Ma andiamo con ordine. “Systemierung der Straßen” titola un articolo dell'”Alpenzeitung” (giornale fascista in lingua tedesca) del 29 agosto 1941 – anno XIX della “nuova era”. Laives era un paesino rurale di antiche tradizioni ma, da sempre, aveva nelle strade il suo punto debole: perfino la gloriosa “imperial-regia strada postale” era tutta una buca, polverosa e, soprattutto, pericolosa per via della gentaglia che vi trovava rifugio. Non parliamo delle altre vie, che con questa formavano la nota “crosara”: quella verso Pietralba e quella verso la stazione. Tutte strade colabrodo, imbiancate di polvere, spesso intransitabili. Laives, “das schmutzige Dorf di una volta”, scrive l’articolista”, “avvertì l’impellente bisogno di sistemare le proprie vie comunali.” E fin qui nessuna obiezione. Prosegue poi il pezzo: “La sua (di Laives – NdR) pessima fama non è un mistero per nessuno, le centinaia di migliaia di pellegrini che ogni anno si recano a Pietralba sono testimoni involontari dell’arretratezza di questo villaggio ai piedi della montagna sacra, su cui la Madonna da quattro secoli ha eretto il proprio trono”. Madonna o non Madonna, qui il colpo mira dritto al cuore.

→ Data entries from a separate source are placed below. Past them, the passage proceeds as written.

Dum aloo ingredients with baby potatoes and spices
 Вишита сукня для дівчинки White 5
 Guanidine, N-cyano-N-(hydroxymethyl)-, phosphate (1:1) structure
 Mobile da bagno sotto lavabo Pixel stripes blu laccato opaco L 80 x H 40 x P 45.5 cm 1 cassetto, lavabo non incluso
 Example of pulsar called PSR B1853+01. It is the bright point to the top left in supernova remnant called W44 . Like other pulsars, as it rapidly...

Infatti, poche righe dopo, il cronista arriva al punto: “Basta parlare di schmutziges Laives – ora Laives sarà una bella cittadina, anche se questo nome non gli è certo stampato in fronte e non appare in nessun documento ufficiale.” Che vorrà dire? Ce lo spiega subito, l’ispirato autore: “Siamo convinti che Laives non sarà mai una città autonoma. Le toccherà la sorte della rinomata località di cura Gries, con la quale formerà la Grossbolzano del futuro”.
Hai capito! Un futuro che, a ben vedere, riporta al passato, quando Laives, Dodiciville e Gries facevano parte del “grande” municipio di Bolzano. E in attesa del “trapasso”, ci si era rimboccati le maniche per tirare a lucido il paesino. “Vorremmo che Laives, villaggio immerso nei suoi vigenti e nei frutteti in fiore, si preparasse in modo adeguato a questo appuntamento con la storia!” Giusto. Ad ogni cerimonia il suo abito. All’appuntamento con la storia non si va certo in “grembial” e scarpe impolverate. Neanche nella schmutzige Laives.
Detto questo – e non ci pare poco – il cronista torna al suo selciato. “La sistemazione delle strade non è stata eseguita per ragioni estetiche (e ci mancherebbe altro) ma per ragioni di pubblica utilità. Nessuno poteva immaginare che i lavori sarebbero stati eseguiti con questa celerità in un periodo bellico come questo, in cui il raggiungimento di traguardi ben più elevati assorbe tutti i nostri sforzi. Ma con gioia abbiamo potuto assistere alla posa dei cubetti di porfido sullo sfondo sabbioso, e sembrava che i cubetti stessi volessero a loro volta rendersi utili al progresso e al raggiungimento di traguardi storici della nostra nazione”.
Conclude infine il giornale: “Chi ora percorre via Damiano Chiesa, o via Roma (oggi Kennedy), non può che ammirare lo splendore dell’opera eseguita. E la via Pietralba, che ora sale maestosa fino al “Grüner Baum? Ora le migliaia di visitatori del nostro paese potranno finalmente esclamare: “Laives ist nicht wieder zu erkennen – Laives non è più la stessa”. Considerazione, questa, che peraltro facciamo nostra, ogni volta che torniamo nel nostro paese.